(Short text fragments from websites)
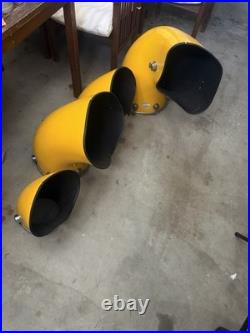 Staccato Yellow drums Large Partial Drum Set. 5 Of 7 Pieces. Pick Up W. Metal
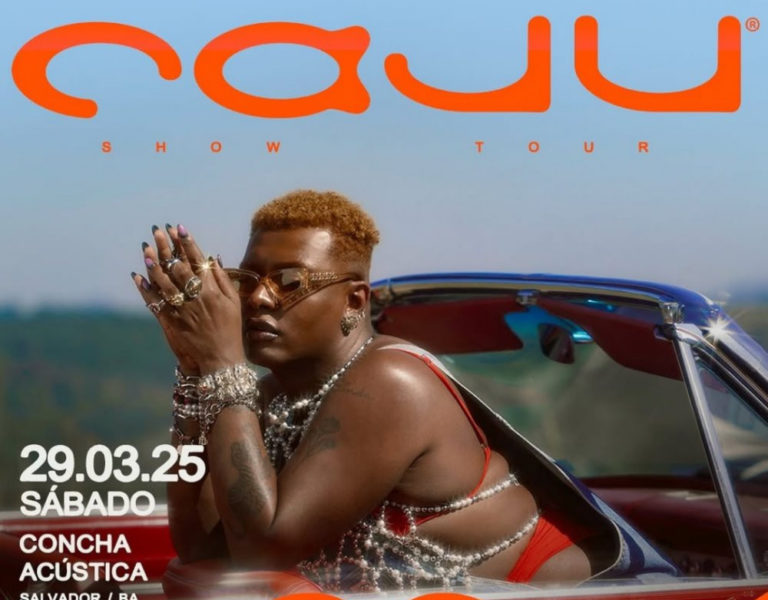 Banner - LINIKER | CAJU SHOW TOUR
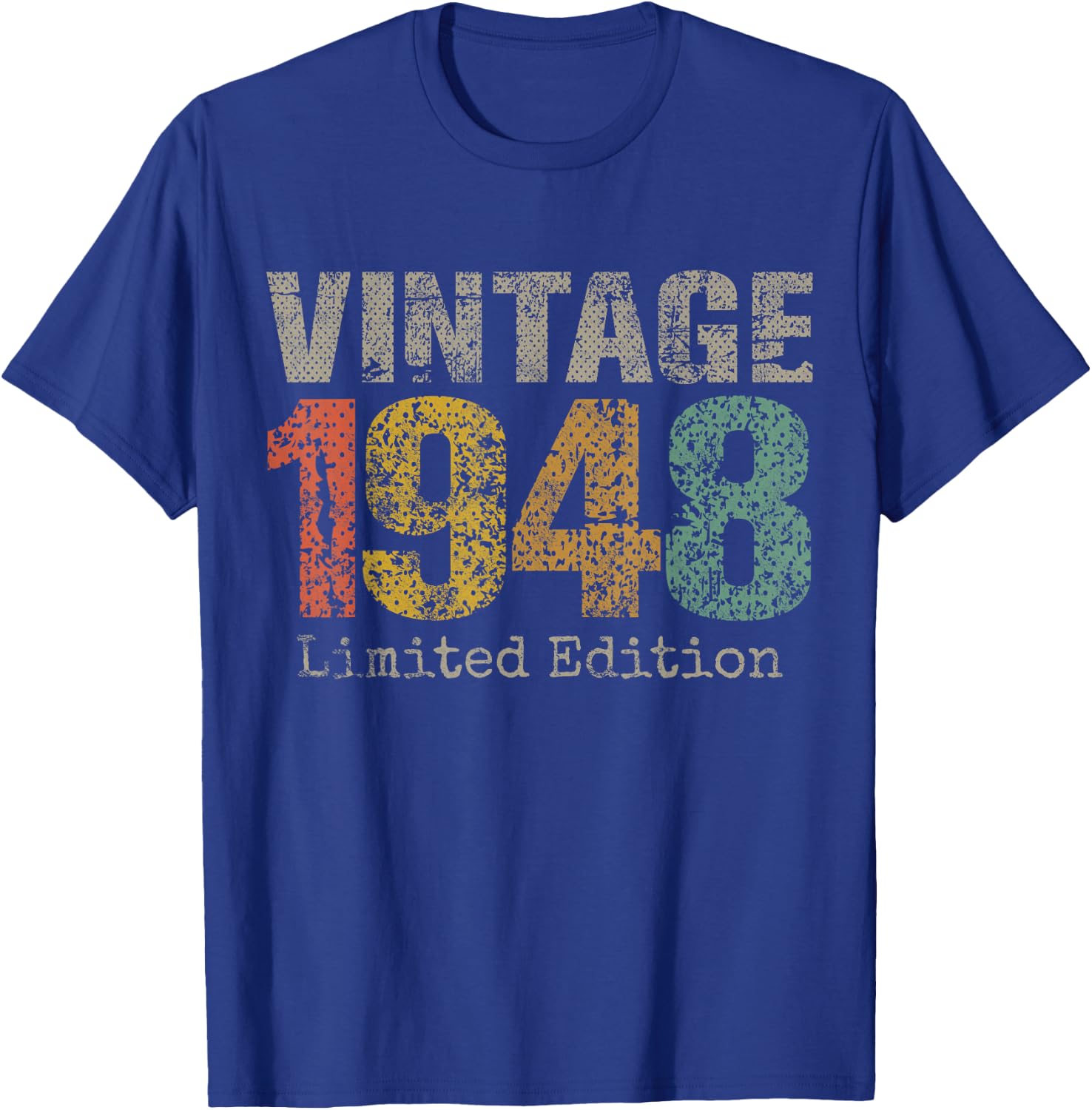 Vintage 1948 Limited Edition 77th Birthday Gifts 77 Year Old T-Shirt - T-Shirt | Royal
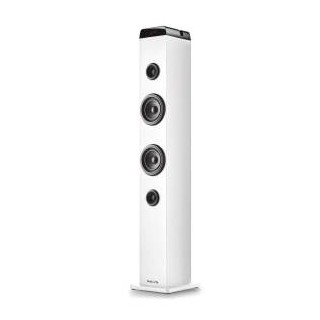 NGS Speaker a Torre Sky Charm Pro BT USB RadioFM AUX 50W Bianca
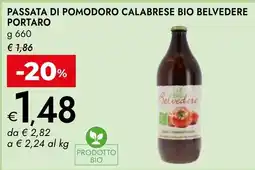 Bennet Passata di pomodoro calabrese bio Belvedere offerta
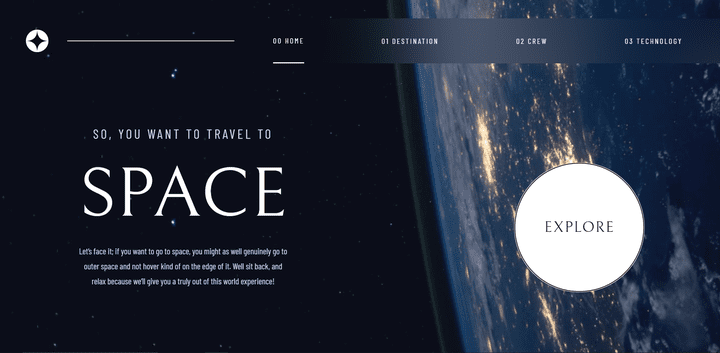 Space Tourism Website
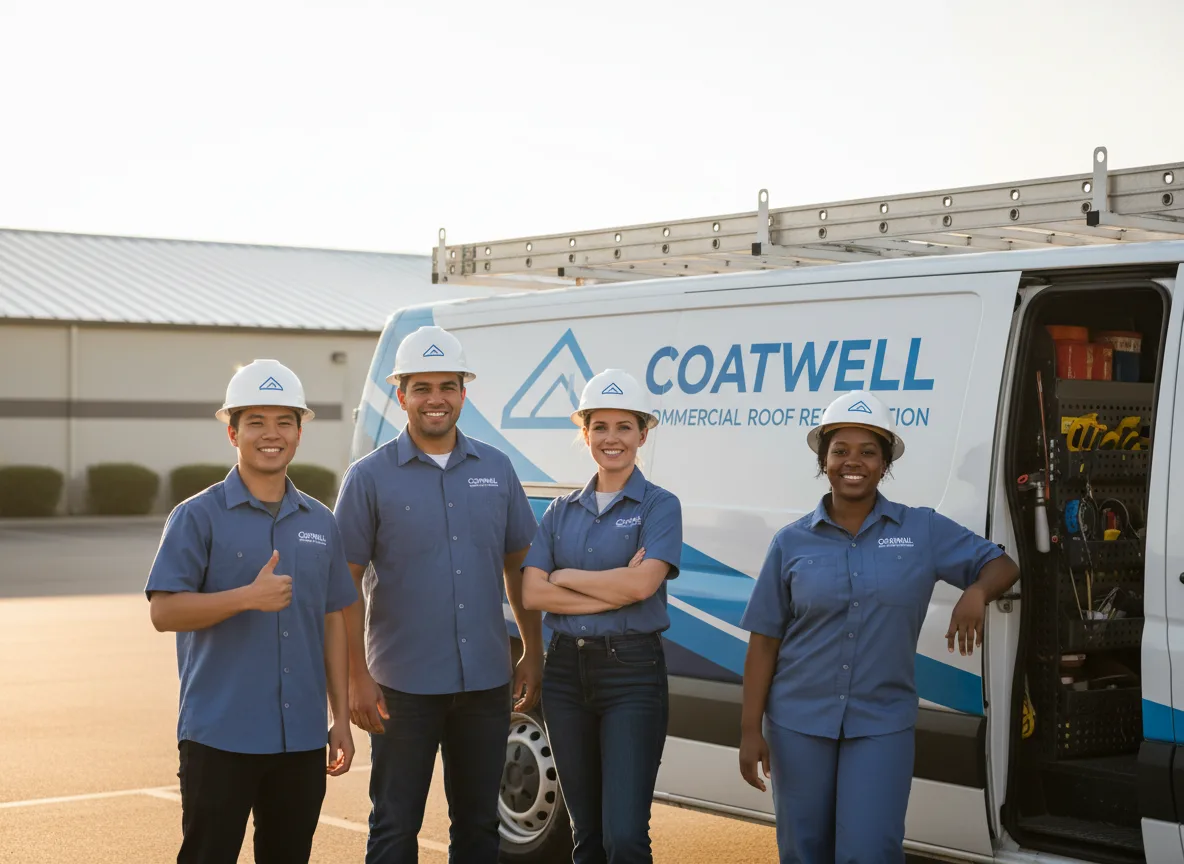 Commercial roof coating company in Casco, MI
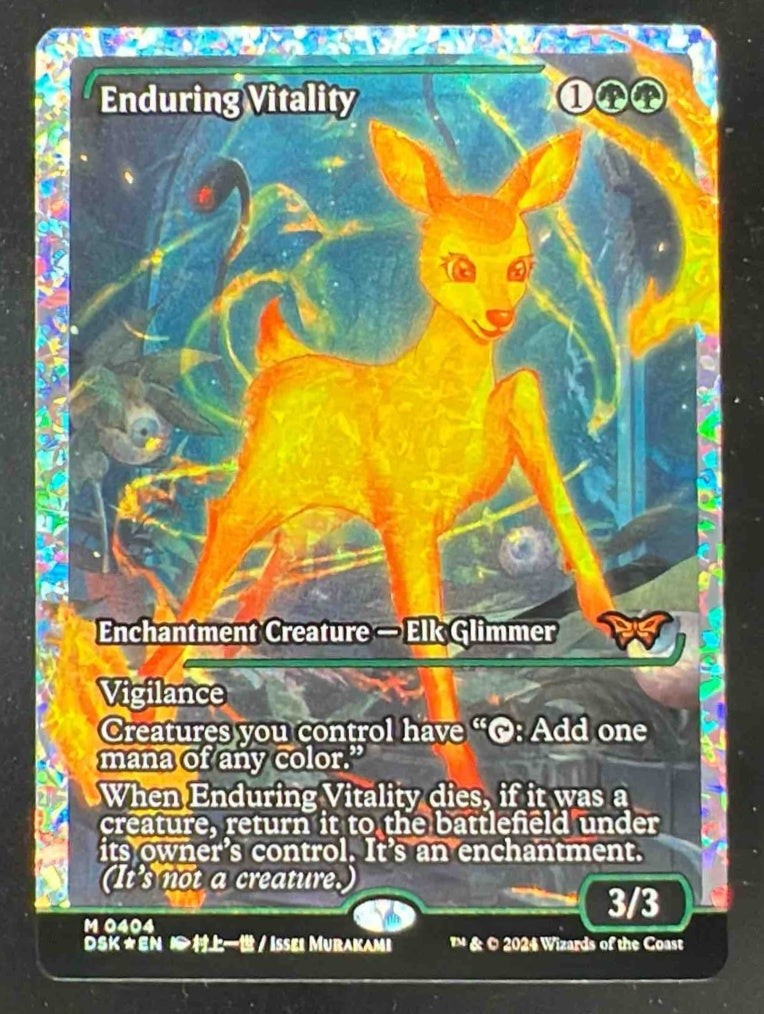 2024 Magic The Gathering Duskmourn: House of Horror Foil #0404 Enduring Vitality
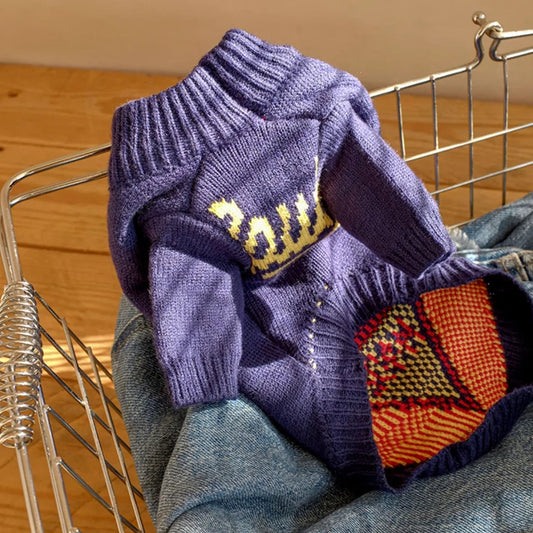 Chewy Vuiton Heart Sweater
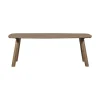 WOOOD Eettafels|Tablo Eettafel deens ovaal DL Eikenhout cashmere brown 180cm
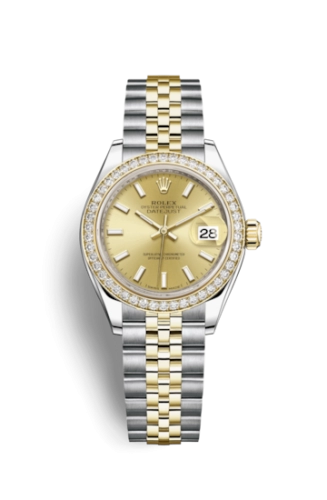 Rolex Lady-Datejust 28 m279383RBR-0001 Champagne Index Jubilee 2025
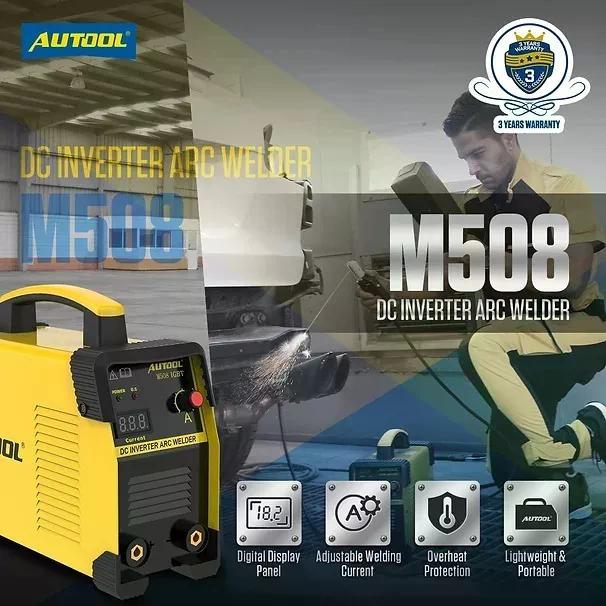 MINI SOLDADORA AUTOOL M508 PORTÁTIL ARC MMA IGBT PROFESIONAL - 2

:: Description of the task ::
I need the lines from the one containing "Rolex Lady-Datejust 28" through the end of the records retyped exactly, with the pictures left out.

:: Exercise result ::
 Rolex Lady-Datejust 28 m279383RBR-0001 Champagne Index Jubilee 2025
 MINI SOLDADORA AUTOOL M508 PORTÁTIL ARC MMA IGBT PROFESIONAL - 2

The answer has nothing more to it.